Un pilote de 999 m² qui doit servir de modèle
Carrefour a dévoilé le 3 juillet un nouveau concept Match Frais à Faches-Thumesnil, près de Lille. Le magasin pilote mesure 999 m², un seuil qui n’est pas anodin : l’idée est de condenser sur une surface plus petite l’essentiel d’un supermarché tout en donnant beaucoup plus de place aux produits frais. Dans un entretien publié le 21 juillet par Linéaires, le directeur général de Supermarché Match, Mourad Bensadik, indique viser 45 à 50 Match Frais de moins de 1 000 m² d’ici 2030.

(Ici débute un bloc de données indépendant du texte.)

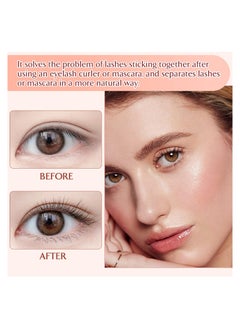 SYOSI Eyelash Comb Separator, Arc Designed Lash Definer Comb, Makeup Mascara Comb, Applicator With Cover, Eye Cosmetic Brush Tool, Eyelash Comb Lash Separator Tool, Mascara Brush Eyelash Brush (2PCS)  - Image 3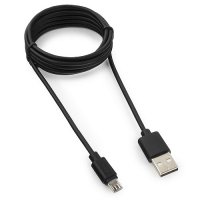 Кабель USB-microB 1.8м Гарнизон черный (200)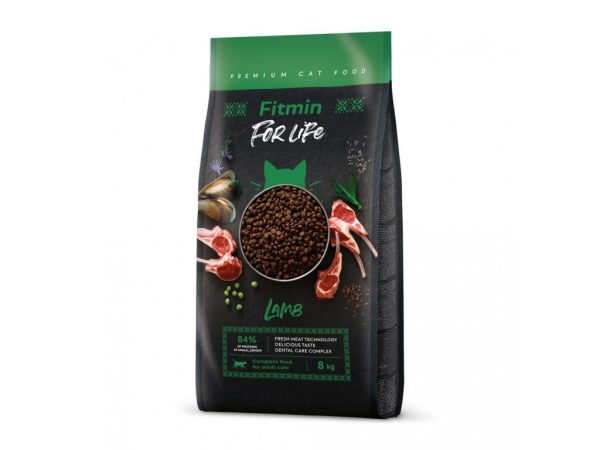 Fitmin cat For Life Adult Lamb (для дорослих котів з ягням), 8 кг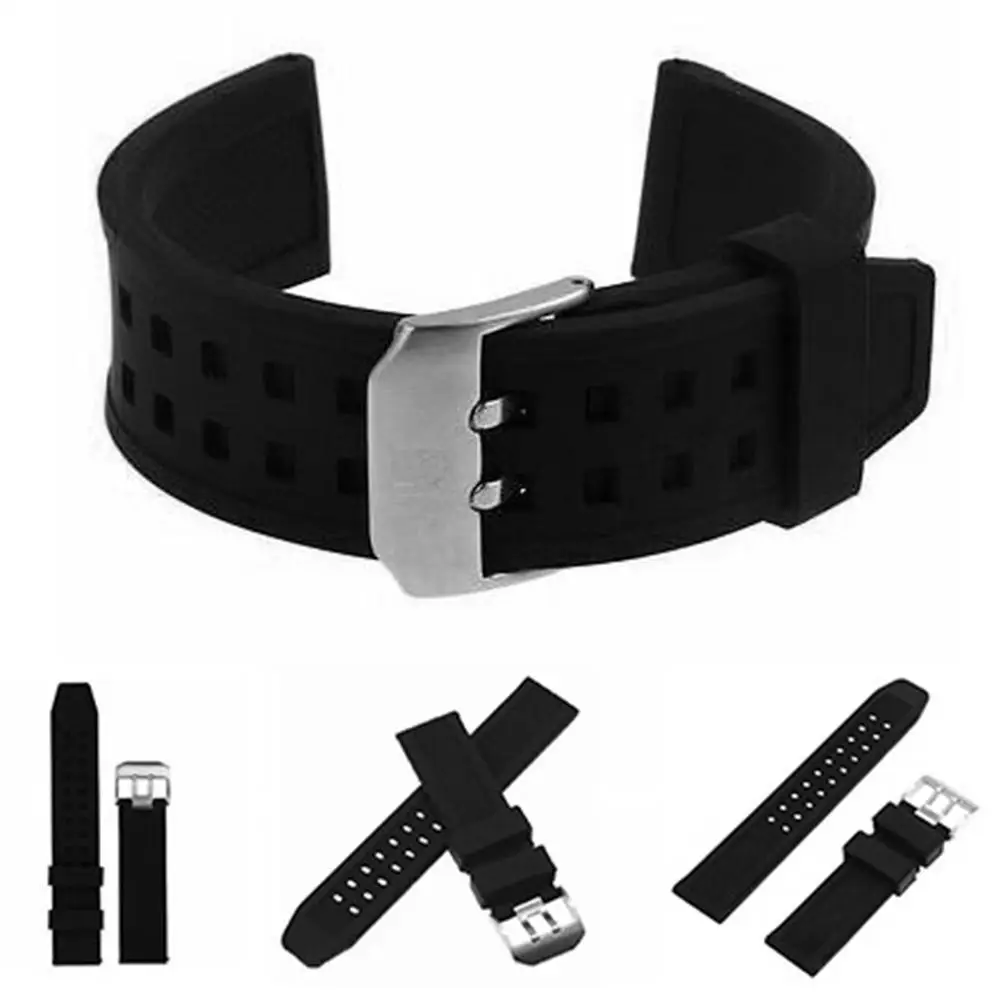 Sostituzione Cinturino Cinturino Cinturino Cinturino Orologio Da Polso In Silicone 23Mm Per Dispositivi Indossabili Luminox Accessori Intelligenti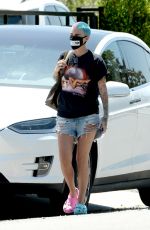 RUBY ROSE in Denim Cut Off Out in Los Angeles 05/01/2020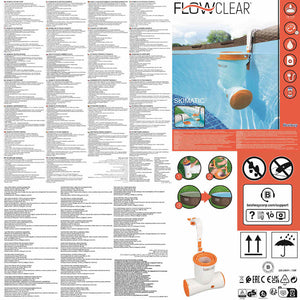 Bestway Pompa con Filtro per Piscina Flowclear Skimatic 3974 L/h 58469 91633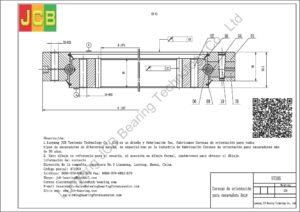 Coronas de orientación para sany excavadora SY205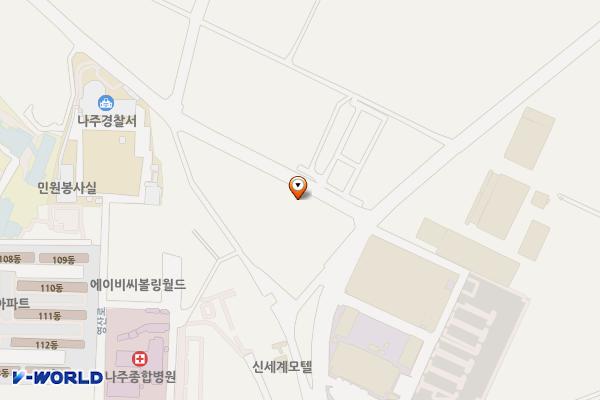 목사고을시장앞주차장 위치 지도 — 전라남도 나주시 삼도동 1385-3번지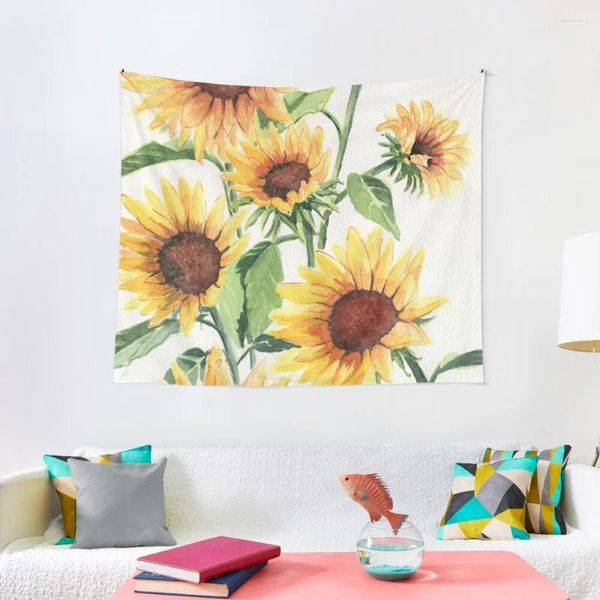 Wandteppiche, Sonnenblumen-Wandteppich, luxuriöse Wohnzimmerdekoration
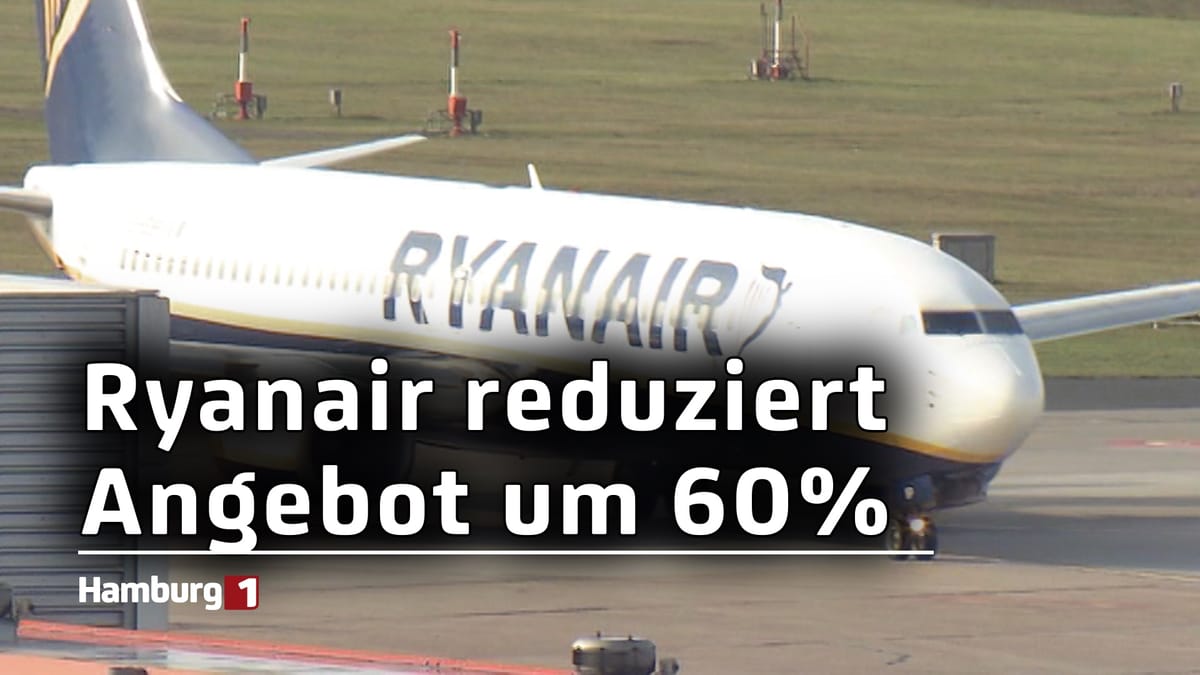 Ryanair: Billigfluglinie reduziert Angebot um 60 Prozent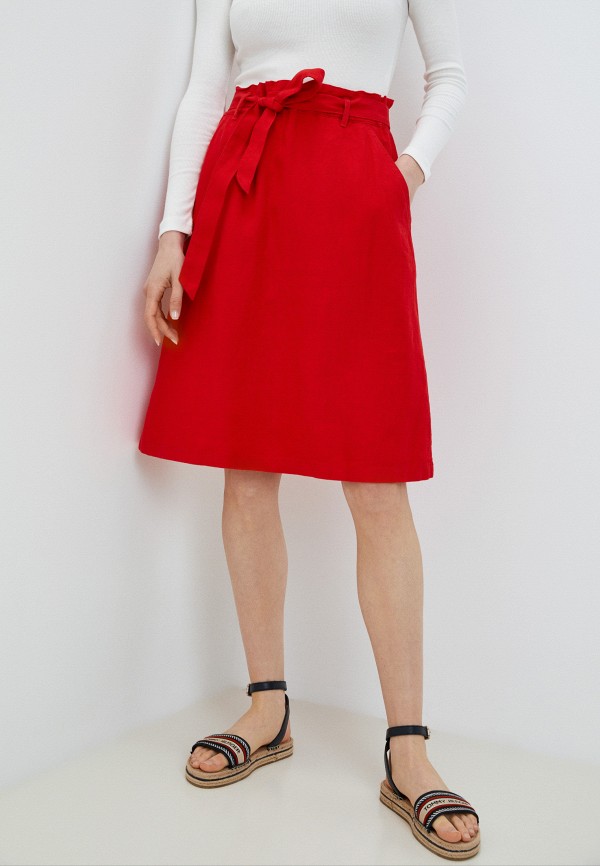 женская юбка-трапеции gerry weber, красная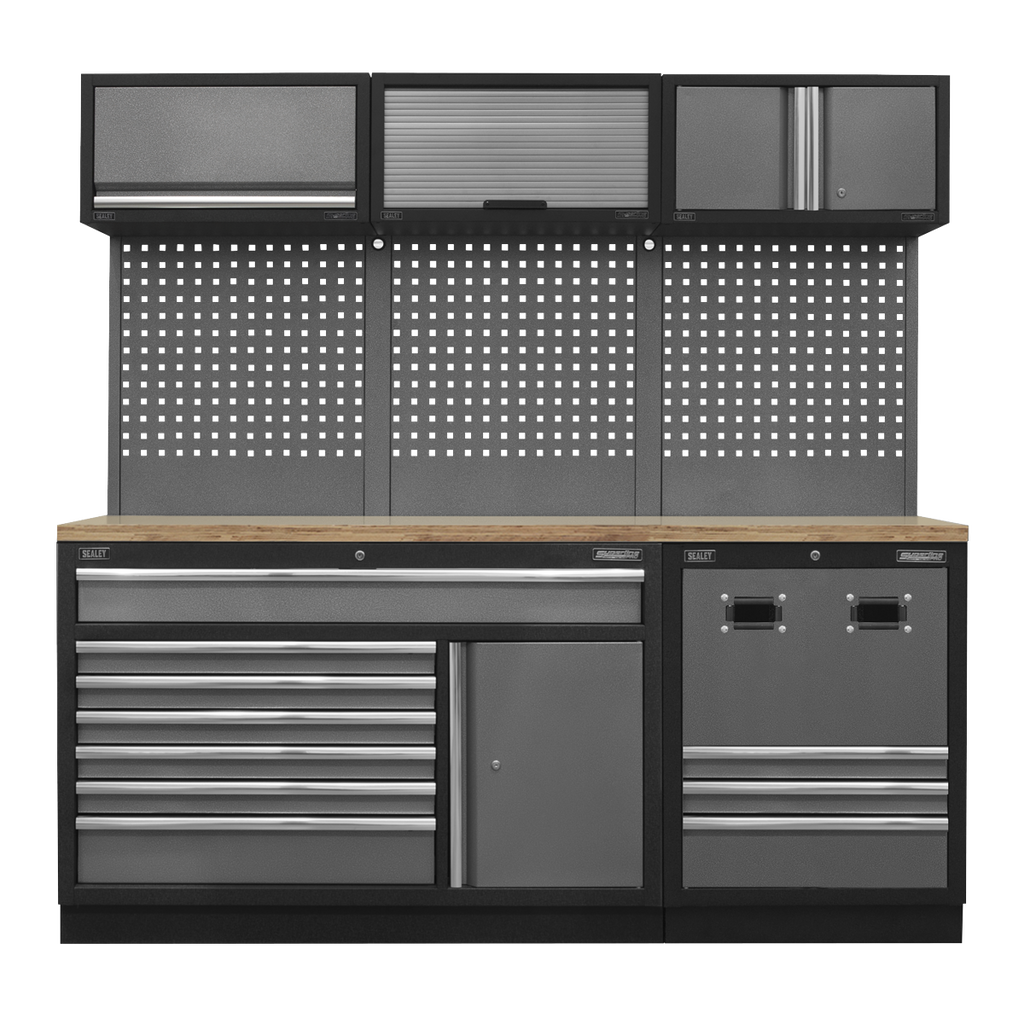 Modular Storage System Combo with Pressed Wood Worktop APMSSTACK14W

Cette ambition transforme une ouverture locale en sujet national : le magasin du Nord sert de laboratoire à un format destiné à être reproduit. Pour comprendre la concurrence territoriale à laquelle ces futurs points de vente devront s’adapter, le panorama des enseignes par région donne un repère sur les réseaux déjà dominants selon les zones. Le succès d’un format frais dépendra en effet autant de son concept que de sa place face aux supermarchés et spécialistes voisins.
70 % de la surface réservée au frais
À Faches-Thumesnil, le frais occupe 70 % de la surface et représente 56 % de l’offre selon les chiffres communiqués par le dirigeant de Match. L’enseigne met en avant les métiers traditionnels — boucherie, charcuterie-traiteur, boulangerie — ainsi qu’un volet snacking et des produits préparés directement en magasin. L’assortiment local et régional pèse plus de 10 % de l’offre du pilote.
Ce choix rapproche le magasin d’un marché alimentaire tout en conservant une base de produits de grande consommation. Match affirme avoir sélectionné les meilleures ventes plutôt que supprimer complètement le « fond de placard ». Le dirigeant estime que le client peut y réaliser 80 à 90 % de ses achats habituels de supermarché. Cette promesse sera l’un des critères à observer lors du déploiement : un concept très frais est attractif si le consommateur n’est pas obligé de faire un second magasin pour les produits courants manquants.
Des repas préparés sur place annoncés à moins de 5 €
L’autre axe consommateur concerne les repas prêts à manger. Match dit vouloir maintenir des solutions préparées sur place à moins de 5 €. Ce plafond annoncé ne signifie pas que tous les plats du magasin coûtent moins de 5 €, mais il donne un repère sur le positionnement recherché pour le snacking. Dans les zones urbaines ou périurbaines, la concurrence ne vient plus seulement des supermarchés : boulangeries, restauration rapide et spécialistes du frais se disputent aussi le déjeuner et le dîner de dépannage.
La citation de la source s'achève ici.